Murder, torture and cruel treatment constitute war crimes under the
Rome Statute and the Geneva Conventions. Both the United States and
the Philippines are parties to the Geneva Conventions. But although
the Philippines is a party to the Rome Statute, the United States is
not. In fact, the U.S. government offered the Philippine government
$30 million in additional military aid to secure an agreement that
U.S. soldiers in the Philippines would not be turned over to the
ICC.
The jury in the tribunal found defendant Aquino and defendant
Government of the United States of America, represented by Obama,
guilty of war crimes and crimes against humanity. “Indeed,” the
panel wrote, “the Prosecution has satisfied the burden of proving
satisfactorily that the Defendants, in concert with each other,
willfully and feloniously committed gross and systematic violations
of Filipino people’s basic human rights.”

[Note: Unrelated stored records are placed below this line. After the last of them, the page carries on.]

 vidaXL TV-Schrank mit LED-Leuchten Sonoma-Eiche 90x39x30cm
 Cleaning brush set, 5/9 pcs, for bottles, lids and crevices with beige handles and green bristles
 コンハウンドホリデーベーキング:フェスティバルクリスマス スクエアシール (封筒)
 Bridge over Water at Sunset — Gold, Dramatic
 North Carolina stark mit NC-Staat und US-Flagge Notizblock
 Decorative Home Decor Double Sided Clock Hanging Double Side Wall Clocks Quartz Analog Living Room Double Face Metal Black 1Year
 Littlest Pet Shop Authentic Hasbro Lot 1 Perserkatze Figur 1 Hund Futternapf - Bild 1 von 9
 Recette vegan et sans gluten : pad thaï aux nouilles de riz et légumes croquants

The jurors decided, “The killings and disappearances follow a
pattern. The victims are vilified as members of the Communist Party
of the Philippines, and subjected to red tagging ... after
vilification, the victims are subjected to surveillance and then
later killed or abducted.” The panel noted, “These are not random
violations.” They are “not isolated but state-sponsored, part of a
policy deliberately adopted to silence the critics of the
government.” They called it “state terror,” drawing an analogy with
the military and authoritarian regimes in Latin America in the 1970s
and ’80s, which were also supported by the United States.
“Terrorist tagging,” according to the jurors, is not just intended
to define military targets but also to “sabotage the peace process
between the National Democratic Front (NDF) and the Philippine
government.” In fact, Jose Maria Sison, the NDF’s chief political
consultant, has been classified by the United States as a “person
supporting terrorism.” Sison’s assets have been frozen and he is
forbidden to travel, in violation of the ICCPR. The European Union’s
second-highest court ruled to delist Sison as a “person supporting
terrorism” and reversed a decision by member governments to freeze
assets. Yet he remains on the U.S. terrorism list.

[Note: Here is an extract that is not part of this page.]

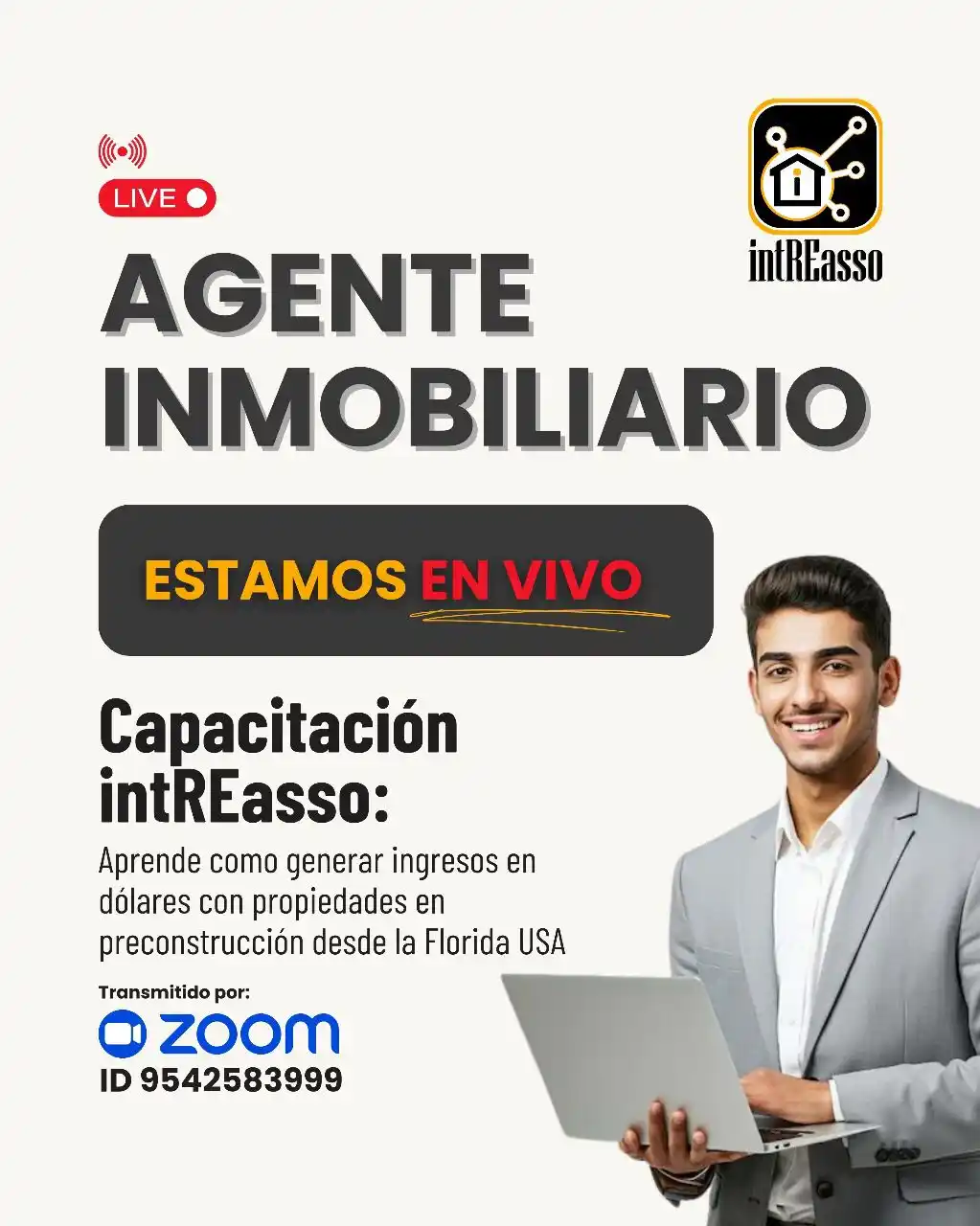 Image from intREasso: Ingresa aquí: https://us02web.zoom.us/j/9542583999...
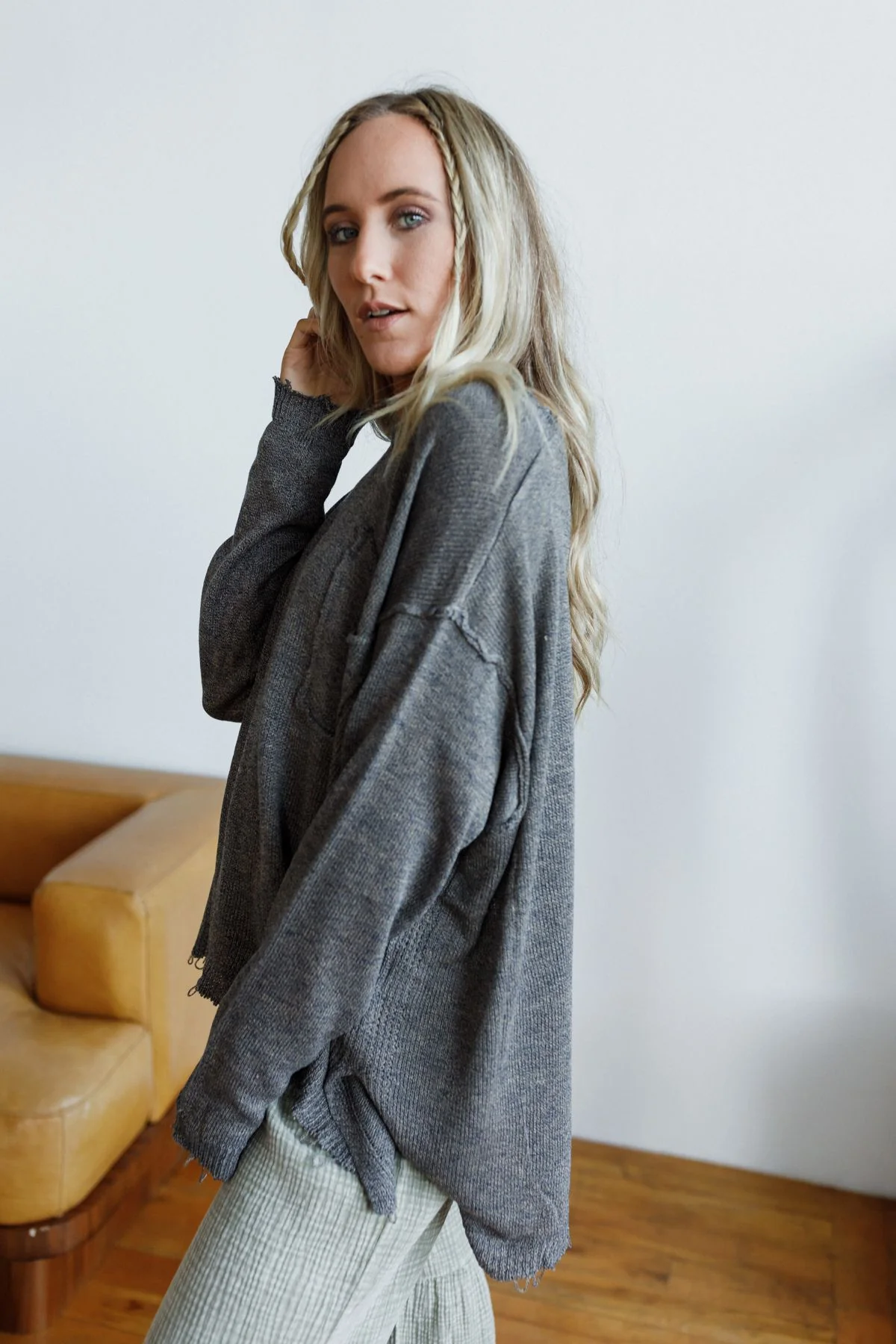 Monday Strolls Frayed Sweater - Charcoal - Image 3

Moreover, the jury determined, “the failure of the Philippine
government through Defendant Aquino to identify, investigate and/or
prosecute the perpetrators of these violations is among the
contributing factors to the prevailing impunity in the Philippines.”

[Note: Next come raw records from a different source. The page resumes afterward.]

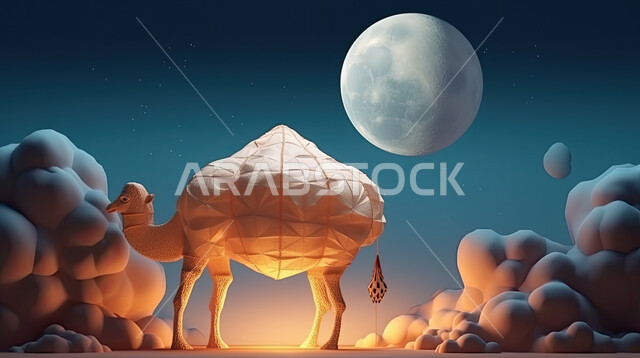 رسومات بيانية ثري دي الابل الثدي,  تربية المواشي والحيوانات في المحميات الطبيعيه,  مجسمات ثلاثية الابعاد لحيوان الجمل الاليف في اجواء عيد الاضحى المبارك, خلفية ناقة في الصحراء مع الفوانيس المضيئة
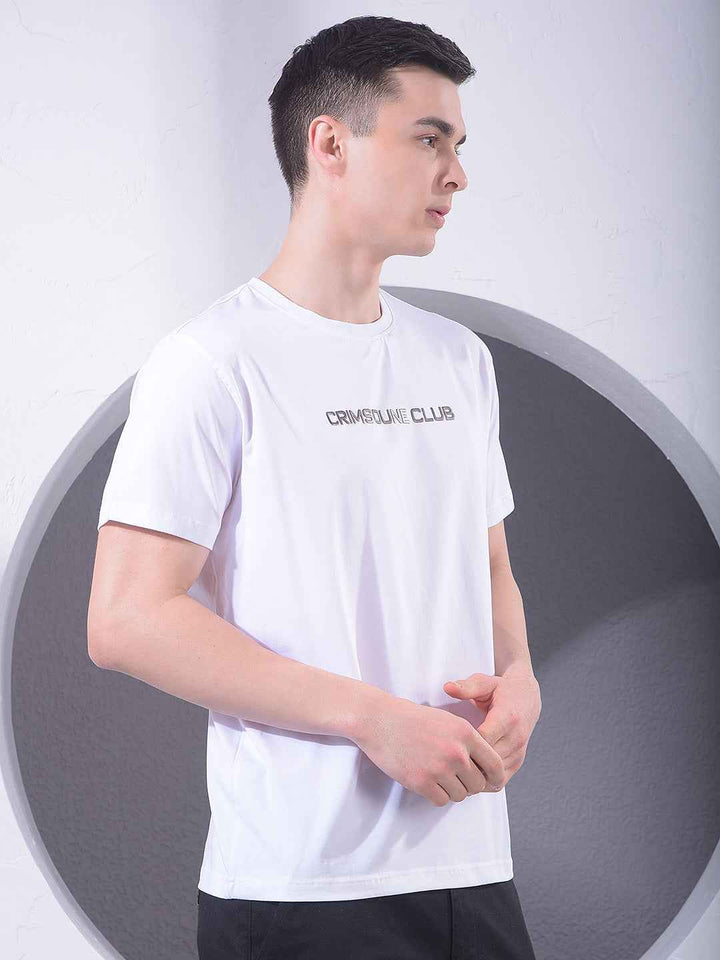 White Typographic Print T-Shirt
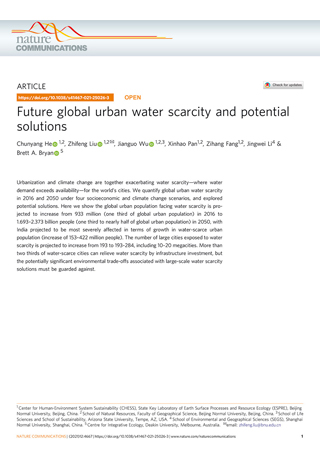 He, C., Liu, Z., Wu, J. et al. (2021) Future global urban water scarcity and potential solutions, Nature Communications, 12 (4667).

The jury urged the defendants to undertake “proper remedial measures
to prevent the commission or continuance of such illegal and
criminal acts, to repair the damages done to the Filipino people and
their environment, compensate the victims and their families for
their atrocities, and to rehabilitate the communities, especially
indigenous communities that have been destroyed by the criminal acts
of the Defendants.”
The panel concluded, “We also encourage the peoples of the world to
seek redress, to pursue justice [under universal jurisdiction], and
to transform this oppressive, exploitative and repressive global
state of affairs exemplified by the experience and plight of the
Filipino people, to challenge the international ‘rule of law,’ and
to construct a global order founded on full respect for the rights
of all peoples, everywhere.”
Marjorie Cohn is a former president of the
National Lawyers Guild and a
professor at Thomas
Jefferson School of Law, where she teaches criminal law and
procedure, evidence, and international human rights law. She
lectures throughout the world on human rights and US foreign policy.